Revolution or market bubble? Investors weigh the AI boom

Revolution or market bubble? Investors weigh the AI boom - Business and Finance - News

Title: The ai Revolution: A Game Changer or Just Another Market Bubble?

The line between a technological revolution and a market bubble can oftentimes be blurred. Patience and a clear perspective are crucial elements, two traits not always associated with Wall Street. However, as the artificial intelligence (ai) boom permeates various aspects of workers’ lives and propels stocks to new heights, investors ponder whether ai is the genuine deal or a fleeting market phenomenon.

The stock markets have witnessed remarkable growth in the tech sector, particularly with companies specializing in ai technology.
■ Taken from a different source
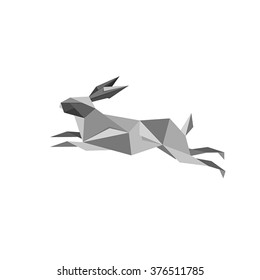 Illustration Origami Jumping Rabbit Isolated On Stock Vector (Royalty ...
Nvidia’s stock, a California-based chipmaker, has seen an unprecedented surge, with gains of approximately 240% over the past year. AMD and Taiwan Semiconductor Manufacturing Co have also experienced significant growth, with increases of 126.5% and nearly 50%, respectively, since last year.

The leading tech companies that dominate the S&P 500 have experienced substantial benefits from ai buzz. The “Magnificent Seven” – Apple, Microsoft, Nvidia, Amazon, Google, Meta, and Tesla – have collectively gained about 55% over the past year. Meanwhile, large companies are increasingly investing heavily in ai technology, sometimes even laying off employees to prepare for increased productivity through automation.
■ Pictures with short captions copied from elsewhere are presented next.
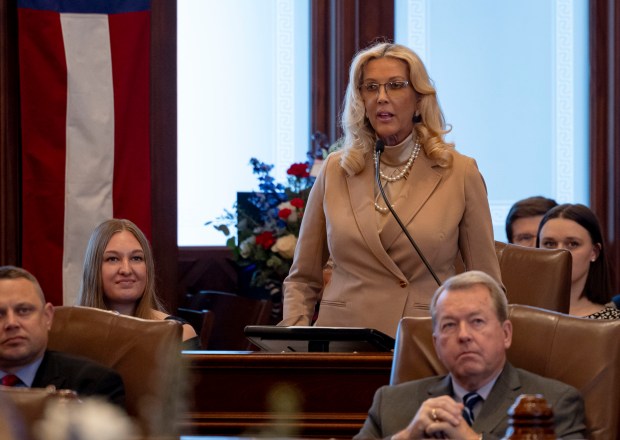 State Sen. Sue Rezin speaks on Jan. 8, 2025, at the Illinois State Capitol in Springfield. (Brian Cassella/Chicago Tribune)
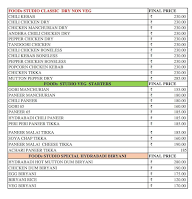 The Foods Studio menu 1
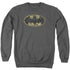 BATMAN/TATTERED LOGO - ADULT CREWNECK SWEATSHIRT - CHARCOAL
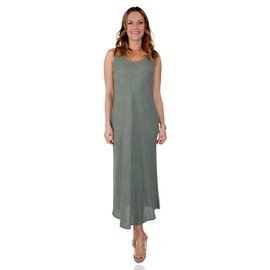 Dare2bStylish Womens Bias Cut Natural Linen Long Maxi Sleeveless Dress (as1, Alpha, s, m, Regular, Regular, Olive)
Jamie Dimon, CEO of JPMorgan Chase, voiced his belief that ai is not just hype but a genuine keyboards-changer during an interview with CNBC. He stated, “When we had the internet bubble the first time around… that was hype. This is not hype.” Dimon, who is generally skeptical of new technologies and trends, acknowledged that there are approximately 200 people at JPMorgan dedicated to researching generative ai.

However, not everyone is fully convinced of the long-term benefits of ai technology. Torsten Slok, chief economist at Apollo Global Management, wrote in a note to investors that the top 10 companies in the S&P 500 are currently more overvalued than during the tech bubble in the mid-1990s, based on their price-to-earnings ratios. Yung-Yu Ma, chief investment officer at BMO Wealth Management, explained, “The idea that ai can unleash both spending and productivity is a strong narrative that markets are focused on right now. But the sole focus on ai is worrisome.”

Some investors are also expressing concerns about Big Tech’s investment in ai. Apple, for instance, is reportedly allocating about $1 billion annually to generative ai research. Two major shareholders of Apple, Norges Bank Investment Management and Legal & General, have announced their support for a resolution at the company’s annual shareholder meeting on Wednesday that would require Apple to disclose and report ai-related risks. The proposal requests the company to “disclose any ethical guidelines that the company has adopted regarding use of ai technology.”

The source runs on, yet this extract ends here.